Following the setting mentioned in the paper and the process on this github, I am trying to reproduce the TGIF-QA frameQA task.
However, I can't get the performance in the paper although I have tried many different settings.
It seems like that parameters in my config file are different to the original.
Could you share the config file for the TGIF-QA frameQA task you used?
Hi @prote376,
We have the TGIF-QA frameQA config available here: https://github.com/jayleicn/ClipBERT/blob/main/src/configs/tgif_qa_frameqa_base_resnet50.json. If I remember correctly, we trained with this config on 4 GPUs. If you are using a different number of GPUs, there might be some performance difference.
Best, Jie
Thank you for quick reply.
At first, I used the config file with 4 GPUs.

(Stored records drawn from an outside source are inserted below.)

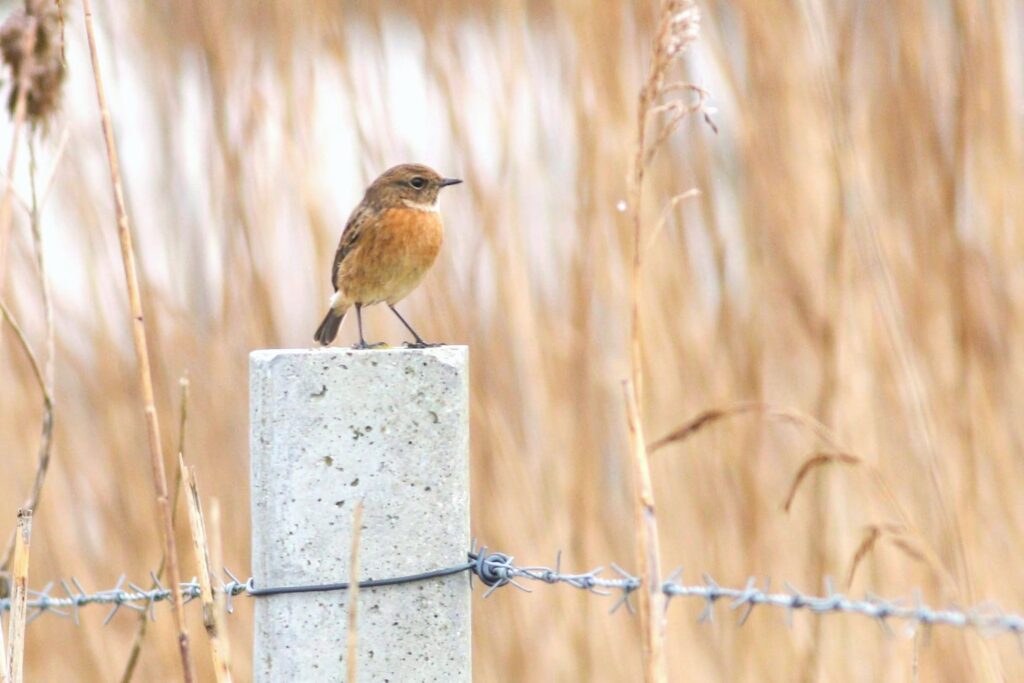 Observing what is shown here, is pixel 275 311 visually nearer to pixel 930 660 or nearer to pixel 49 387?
pixel 49 387

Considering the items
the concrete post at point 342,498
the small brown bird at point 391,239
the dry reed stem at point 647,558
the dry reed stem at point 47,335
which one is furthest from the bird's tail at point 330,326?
the dry reed stem at point 647,558

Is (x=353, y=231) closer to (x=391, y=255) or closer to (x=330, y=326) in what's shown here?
(x=391, y=255)

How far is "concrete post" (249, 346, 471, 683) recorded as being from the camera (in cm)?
118

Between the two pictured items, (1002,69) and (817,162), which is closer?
(1002,69)

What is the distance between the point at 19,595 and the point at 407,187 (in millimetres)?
1181

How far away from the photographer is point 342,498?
1.18 m

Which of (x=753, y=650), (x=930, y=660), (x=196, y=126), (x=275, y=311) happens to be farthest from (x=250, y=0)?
(x=930, y=660)

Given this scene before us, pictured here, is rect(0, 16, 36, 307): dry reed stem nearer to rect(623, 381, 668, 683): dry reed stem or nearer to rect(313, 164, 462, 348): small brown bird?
rect(623, 381, 668, 683): dry reed stem

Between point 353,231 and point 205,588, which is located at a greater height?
point 353,231

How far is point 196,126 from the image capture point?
2504mm

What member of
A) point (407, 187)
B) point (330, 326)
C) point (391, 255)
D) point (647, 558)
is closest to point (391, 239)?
point (391, 255)

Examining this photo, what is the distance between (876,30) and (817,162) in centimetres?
23

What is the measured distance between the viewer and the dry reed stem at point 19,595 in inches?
45.1

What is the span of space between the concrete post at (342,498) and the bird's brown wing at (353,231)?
1.00 m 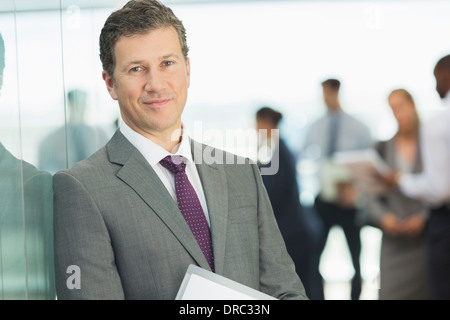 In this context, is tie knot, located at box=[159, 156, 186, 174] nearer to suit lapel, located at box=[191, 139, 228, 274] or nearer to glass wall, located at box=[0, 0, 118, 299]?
suit lapel, located at box=[191, 139, 228, 274]

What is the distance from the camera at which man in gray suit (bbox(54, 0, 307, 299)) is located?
40.3 inches

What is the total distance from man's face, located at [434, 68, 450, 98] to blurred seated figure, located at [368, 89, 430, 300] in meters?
0.40

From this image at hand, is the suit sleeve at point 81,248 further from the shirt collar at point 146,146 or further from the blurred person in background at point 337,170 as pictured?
the blurred person in background at point 337,170

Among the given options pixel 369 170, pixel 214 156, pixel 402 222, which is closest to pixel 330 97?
pixel 369 170

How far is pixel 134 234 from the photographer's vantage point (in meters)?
1.05

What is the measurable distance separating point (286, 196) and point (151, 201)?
1.62 metres

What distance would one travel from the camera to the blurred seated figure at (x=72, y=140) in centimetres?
124

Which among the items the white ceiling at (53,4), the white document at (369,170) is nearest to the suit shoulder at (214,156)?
the white ceiling at (53,4)

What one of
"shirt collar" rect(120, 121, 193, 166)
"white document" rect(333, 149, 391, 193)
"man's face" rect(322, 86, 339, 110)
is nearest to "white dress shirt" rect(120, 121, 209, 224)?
"shirt collar" rect(120, 121, 193, 166)

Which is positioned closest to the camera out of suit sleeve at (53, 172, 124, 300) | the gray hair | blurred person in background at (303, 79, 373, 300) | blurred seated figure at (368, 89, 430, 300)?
suit sleeve at (53, 172, 124, 300)

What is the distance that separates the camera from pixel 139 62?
112 centimetres

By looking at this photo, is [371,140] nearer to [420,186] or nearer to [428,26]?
[420,186]

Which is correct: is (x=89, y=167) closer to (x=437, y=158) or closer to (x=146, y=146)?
(x=146, y=146)

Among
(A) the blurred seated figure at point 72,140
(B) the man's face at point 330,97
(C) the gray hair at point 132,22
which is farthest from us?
(B) the man's face at point 330,97
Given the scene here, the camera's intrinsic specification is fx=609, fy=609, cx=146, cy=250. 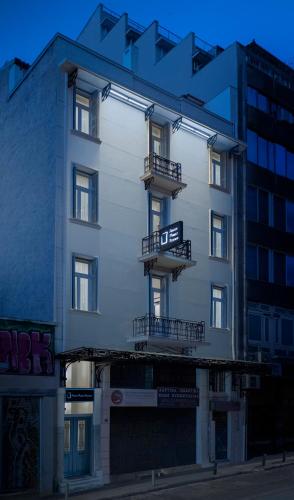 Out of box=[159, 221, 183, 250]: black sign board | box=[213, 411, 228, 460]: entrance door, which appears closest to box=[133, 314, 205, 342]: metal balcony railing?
box=[159, 221, 183, 250]: black sign board

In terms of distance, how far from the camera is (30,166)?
2533 cm

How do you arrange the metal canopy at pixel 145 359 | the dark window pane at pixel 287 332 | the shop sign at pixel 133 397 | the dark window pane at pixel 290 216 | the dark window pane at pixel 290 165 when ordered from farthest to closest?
the dark window pane at pixel 290 165 → the dark window pane at pixel 290 216 → the dark window pane at pixel 287 332 → the shop sign at pixel 133 397 → the metal canopy at pixel 145 359

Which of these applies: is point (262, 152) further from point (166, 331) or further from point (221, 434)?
point (221, 434)

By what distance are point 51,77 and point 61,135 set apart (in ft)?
8.84

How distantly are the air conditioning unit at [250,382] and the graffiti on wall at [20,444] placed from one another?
11589mm

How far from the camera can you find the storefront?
20266mm

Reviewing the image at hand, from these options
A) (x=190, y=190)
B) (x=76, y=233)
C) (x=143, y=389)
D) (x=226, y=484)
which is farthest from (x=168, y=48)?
(x=226, y=484)

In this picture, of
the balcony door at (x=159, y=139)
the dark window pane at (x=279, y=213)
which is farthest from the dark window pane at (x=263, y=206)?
the balcony door at (x=159, y=139)

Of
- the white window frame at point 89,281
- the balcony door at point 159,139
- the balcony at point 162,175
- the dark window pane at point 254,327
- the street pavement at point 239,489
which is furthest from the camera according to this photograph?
the dark window pane at point 254,327

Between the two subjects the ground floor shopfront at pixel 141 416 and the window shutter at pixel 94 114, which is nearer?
the ground floor shopfront at pixel 141 416

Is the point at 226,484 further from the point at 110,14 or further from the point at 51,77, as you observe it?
the point at 110,14

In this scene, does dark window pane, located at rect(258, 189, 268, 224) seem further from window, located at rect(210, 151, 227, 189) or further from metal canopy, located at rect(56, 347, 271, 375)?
metal canopy, located at rect(56, 347, 271, 375)

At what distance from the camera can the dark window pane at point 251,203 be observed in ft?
104

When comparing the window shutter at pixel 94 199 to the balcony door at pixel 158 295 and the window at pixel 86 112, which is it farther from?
the balcony door at pixel 158 295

Next, I found that some parameters were different to the parameters in the paper.
- github vs paper
- max image size: 768 vs 448
- batch size: 16 vs 32
- learning rate: 5e-5 vs 1e-4
- the number of gpus: 4 vs 8
So I tried with the parameters in the paper. In addition, I have tried with few more settings. But I got only 56-58 where N_test=1 and 57-59 where N_test=16. (59.4 and 60.3 in the paper)
Could you check the setting is correct if you have time?
I have added my coauthor Linjie @linjieli222 who conducted this experiment.
Hi Linjie,
Could you help us to verify the configurations? Thanks!
Best, Jie
Hi, I got the batch size mismatch under the 'action' setting. The probabaly problem I found in the code maybe is you concate the question and the options in 'n_options' times, which cause the different batch sizes with the visual embeddings. The related codes are in src/dataset/dataset_video_qa.py:
text_str_list = flat_list_of_lists( [[d["q_str"] + " " + d["options_str_list"][i] for i in range(self.n_options)] for d in text_examples] ) # (B * n_options, )
Can you help me with this problem? Thanks!